How to Build a Recommender System with Python and the python-recsys Library

python-recsys is a Python library designed for implementing recommender systems.

Currently, python-recsys supports two recommender algorithms: Singular Value Decomposition (SVD) and Neighborhood SVD.

This QuickStart tutorial demonstrates how to use python-recsys for building recommender systems. It uses the MovieLens movie ratings dataset to show examples of computing item similarity and recommending movies to users.

In this article, I will provide code examples for using a custom CSV dataset and evaluating a recommender system with the SVD algorithm.

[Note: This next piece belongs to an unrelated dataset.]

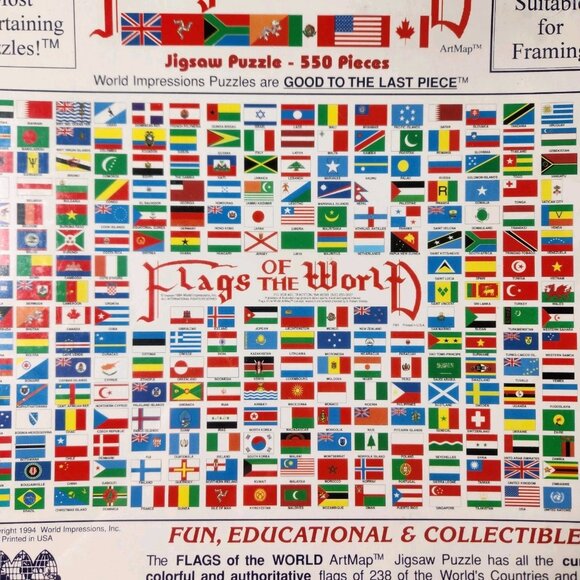 Vintage of The World ArtMap Jigsaw Puzzle 550 Pieces Puzzle - Picture 2 of 5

The data will be fetched from a CSV file containing three fields: user_id, item_id, and star_rating. The item_id can represent various entities like hotels, movies, books, etc. while star_rating indicates the user's rating for the item, ranging from 1 to 5, with 5 being the highest rating and 1 being the lowest.

For this demonstration, I have created a sample CSV file named dataset-recsys.csv, which includes the three columns (user_id, item_id, and star_rating).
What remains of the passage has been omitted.